Farkas Emil, Péley Gábor, Mátrai Zoltán, Rényi-Vámos Ferenc, Köves István

机构信息

Országos Onkológiai Intézet, Altalános és Mellkassebészeti Osztály, Budapest.

出版信息

Magy Seb. 2005 Jun;58(3):197-200.

Abstract

It has been evident since the first publication by Armand Trousseau (1865) that there is correlation between venous thromboembolism (VTE) and malignant tumors. This correlation has also been shown by recent studies. In patients with malignant tumors not only the incidence of VTE is higher but the course of VTE is more severe and relapses are more frequent. The procedures applied for the management of tumors (surgery, chemotherapy, radiotherapy, tamoxifen, central venous catheters) also increase the risk of VTE. It is generally accepted in Europe and in the U.S.A. (and also this constitutes the basis of the Hungarian guidelines) to group surgical patients by the risk of VTE by taking into account the characteristics of both the patients and the procedures. Recommendations also agree that for patients with medium or higher risk pharmacological prophylaxis is needed. Heparin or low molecular weight heparins in risk dependent doses and duration are administered most frequently. According to the recommendation of the American College of Chest Physicians (ACCP) patients with malignant tumors should receive thromboprophylaxis in accordance with their actual risk category and independent of the treatment they are receiving (surgery or chemotherapy).
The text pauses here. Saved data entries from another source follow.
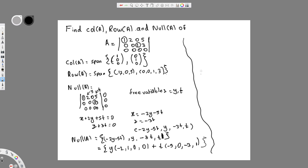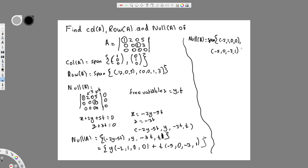Now to express null A as a span, we drop the y and t variables since they represent infinitely many possible values. So null A = span{[-2, 1, 0, 0], [-5, 0, -3, 1]}. That is the final answer.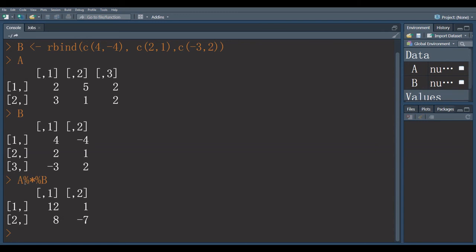A, matrix name A, percent sign, asterisk, percent sign B. You can multiply these two matrices.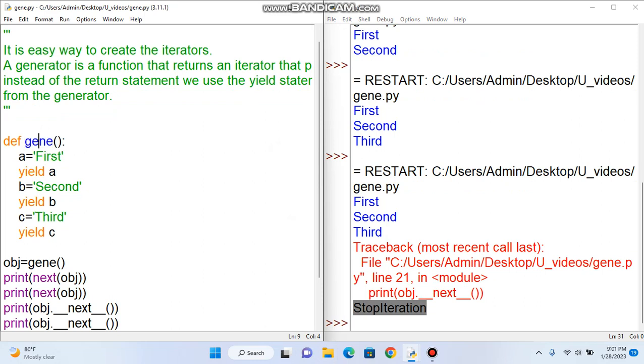If we do another method, we can store a single object. If we do another method, we can create a loop. So this is the generator.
In a placebo controlled study with prolonged pharmacological thromboprophylaxis for patients with operated malignancies 60% VTE risk reduction could be reached and this risk reduction could also been observed after 3 months while the incidence of hemorrhagic complications was not significantly increased. Recent guidelines recommend 4 week long prophylaxis for patients with malignancies.

摘要

自阿尔芒·特鲁索(1865年)首次发表相关内容以来,静脉血栓栓塞症(VTE)与恶性肿瘤之间的关联就已很明显。近期研究也证实了这种关联。在恶性肿瘤患者中,不仅VTE的发生率更高,而且VTE的病程更严重,复发更频繁。用于治疗肿瘤的各种手段(手术、化疗、放疗、他莫昔芬、中心静脉导管)也会增加VTE的风险。在欧洲和美国,人们普遍接受(这也是匈牙利指南的基础)根据患者和手术的特征,对手术患者按VTE风险进行分组。各项建议也一致认为,对于中高风险患者需要进行药物预防。最常使用的是依风险而定剂量和疗程的肝素或低分子肝素。根据美国胸科医师学会(ACCP)的建议,恶性肿瘤患者应根据其实际风险类别接受血栓预防,而与他们正在接受的治疗(手术或化疗)无关。在一项针对接受手术的恶性肿瘤患者进行延长药物血栓预防的安慰剂对照研究中,VTE风险可降低60%,3个月后仍可观察到这种风险降低,而出血并发症的发生率并未显著增加。近期指南建议对恶性肿瘤患者进行为期4周的预防。